The greatest problem with screen adaptations of Austen’s novels is that the screenplay tends to concentrate on the romance and to ignore the irony and wit. But in Langton’s Pride and Prejudice much of the ironic wit of Jane Austen’s dialogue and narration survives intact - along with the most romantic "realistic" love story ever written.
Elizabeth Bennett (Jennifer Ehle ) has a wonderfully expressive face and a deliciously wicked wit; in this production she’s very much her father’s daughter, ironically leading fools and rogues on with a straight face - and watching with relish as they make fools of themselves. Her later conversations with Wickham and Mr. Collins are worthy of Mr. Bennett himself.
Colin Firth is a reserved but dangerous and sexually magnetic Darcy - quite a Byronic characterization.
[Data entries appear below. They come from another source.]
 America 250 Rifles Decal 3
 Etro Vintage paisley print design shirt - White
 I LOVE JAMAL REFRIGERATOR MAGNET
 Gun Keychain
We see him fencing like Basil Rathbone ("I will conquer this" he murmurs to himself), intimidating Wickham with a glance, and forcing a door open that the infamous governess Mrs. Young tries to shut in his face. This is not a man to cross. And his verbal duels with Elizabeth are electric.
And, for once, almost everyone seems well-cast. Mr. Bingley (Crispin Bonham-Carter) has more charm and more backbone than one usually sees (He’s furious with Darcy when he learns of the intrigue to separate him from Jane). Jane herself (Susannah Harker) looks like a touchingly vulnerable Helen of Troy. Not inappropriately, Mr. Collins resembles Rowan Atkinson’s Blackadder in both appearance and manner. The Gardiners are very convincing as a genteel middle class couple with far more refinement than most of the gentry in the story. Masterpiece Theatre viewers will recognize former ingenue Joanna David playing a youthful Mrs. Gardener with real rapport with her favorite niece Elizabeth. The really pleasant surprise is Lydia (Julia Sawalha, better known as Saffie from Absolutely Fabulous) who, for once, is played exactly as Jane Austen wrote her - as a voluptuous teenager keenly enjoying her own seduction.
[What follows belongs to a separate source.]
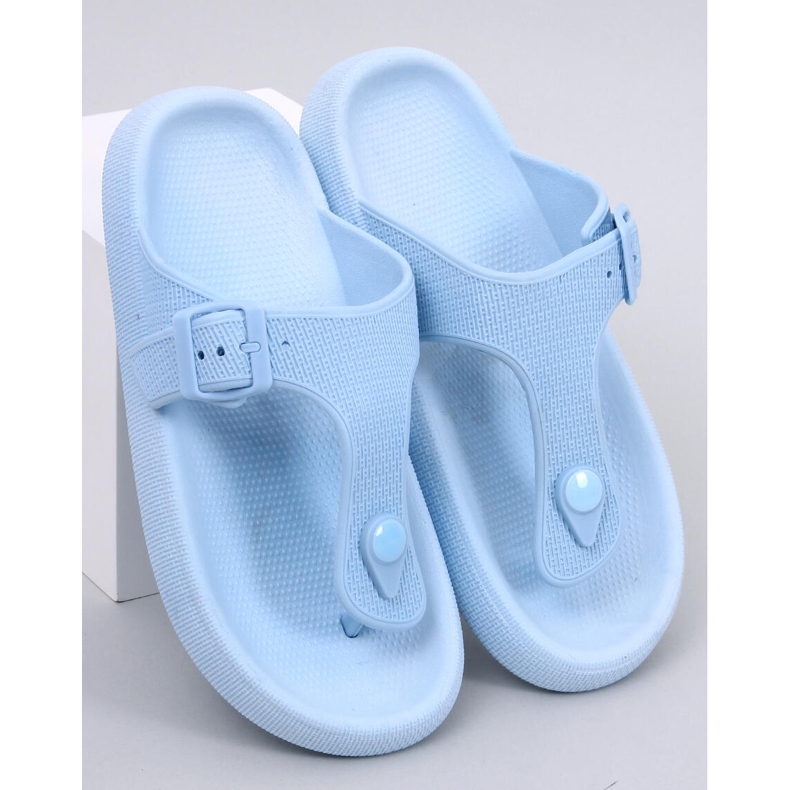 Sadier Blue soft foam flip-flops 1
And a few interesting historical inaccuracies:
Elizabeth and Darcy look so graceful executing their pas de boureĆ© step while verbally sparring in "Easter Thursday" that one can almost forgive the inaccuracy of the choreography (In reality, in Jane Austen’s time only the first couple is active at the beginning of the dance!).
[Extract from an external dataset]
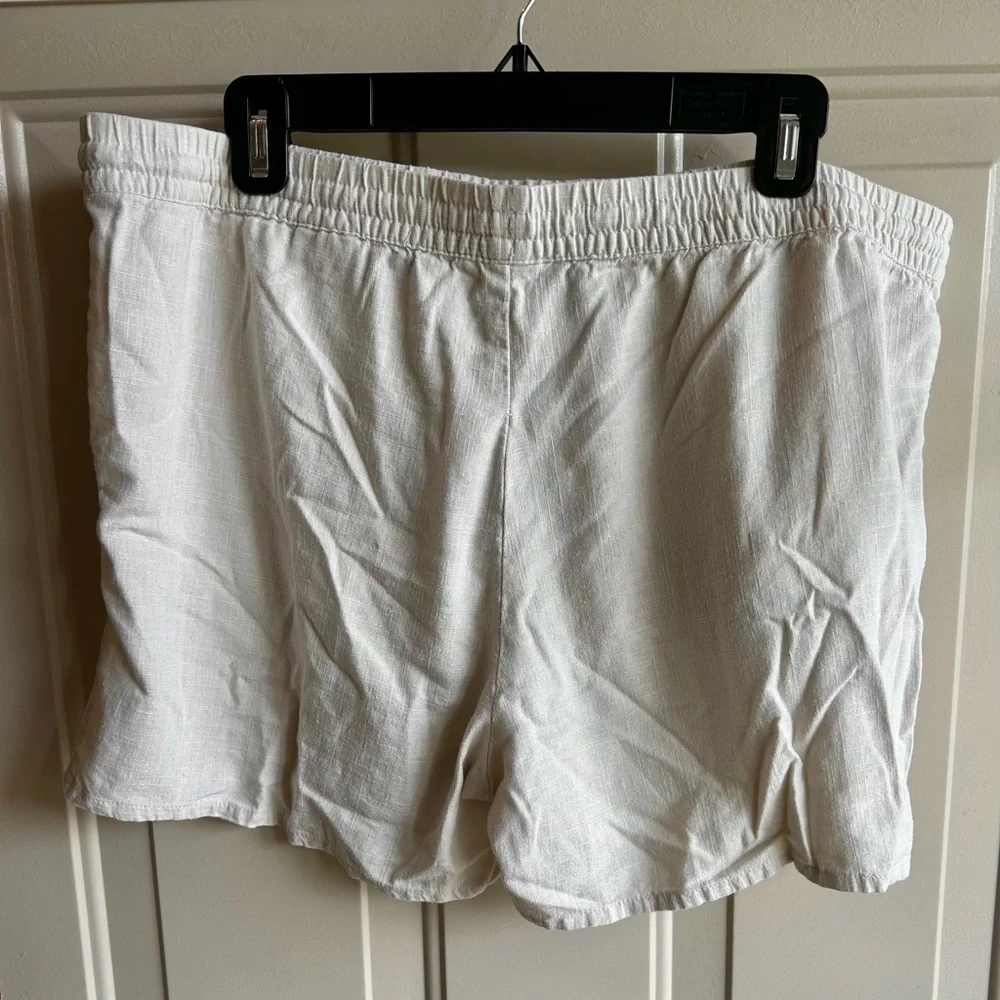 Beige Drawstring Shorts - Picture 3 of 3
...Elizabeth and Mr. Collins should not have been first couple in the opening dance of Mr. Bingley’s ball. That honor of opening the ball belongs to the lady of highest precedence in the room who chooses to dance (In this case, probably Charlotte Lucas, the eldest daughter of a knight), and Elizabeth would never stand above her beloved elder sister Jane in an opening dance. The lovely country dance music and "incidental" party music is all period, but the bluestocking Mary would not have needed to bring her sheet music nor would the Italian songs have been sung in translation.